ARIMA Model Components

AR(p): Autoregressive model of order p. Uses past values to predict future values.

MA(q): Moving average model of order q. Uses past forecast errors to predict future values.

I(d): Integrated component of order d. Represents the number of differences required to make the time series stationary.

Stationarity: A time series is stationary if its statistical properties (mean, variance, autocorrelation) do not change over time.

Differencing: Used to make a time series stationary. First difference: y'_t = y_t - y_{t-1}. Seasonal difference: y'_t = y_t - y_{t-m}

Model Selection

ACF and PACF Plots: Used to identify the order of AR and MA components.

Information Criteria: AIC, AICc, BIC. Lower values indicate better model fit.

AIC (Akaike Information Criterion): AIC = -2 \log(L) + 2k, where L is the likelihood and k is the number of parameters.

AICc (Corrected AIC): AICc = AIC + \frac{2k(k+1)}{T-k-1}, where T is the number of observations.

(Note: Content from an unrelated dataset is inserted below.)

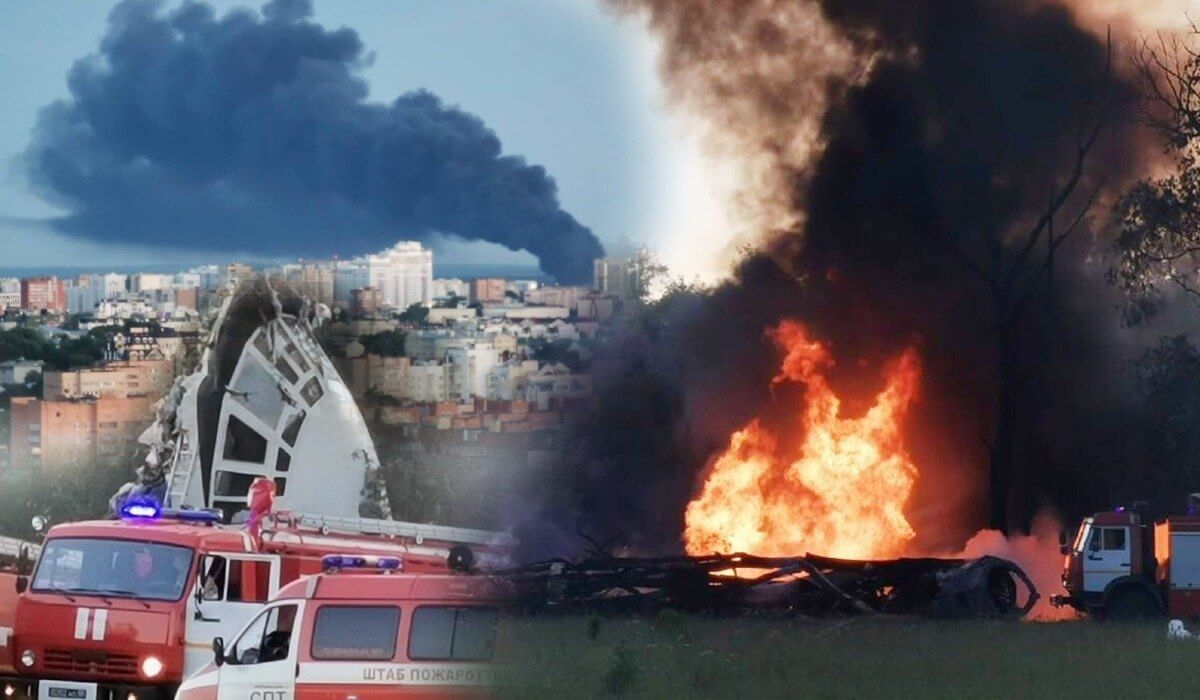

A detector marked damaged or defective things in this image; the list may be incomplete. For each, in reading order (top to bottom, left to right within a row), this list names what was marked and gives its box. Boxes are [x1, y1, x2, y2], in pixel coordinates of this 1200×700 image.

BIC (Bayesian Information Criterion): BIC = -2 \log(L) + k \log(T)

ARIMA Model Equations

AR(p) Model: y_t = c + \phi_1 y_{t-1} + \phi_2 y_{t-2} + ... + \phi_p y_{t-p} + e_t

MA(q) Model: y_t = c + e_t + \theta_1 e_{t-1} + \theta_2 e_{t-2} + ... + \theta_q e_{t-q}

ARIMA(p,d,q) Model: Combines AR(p), I(d), and MA(q) components. Requires differencing the series d times to achieve stationarity.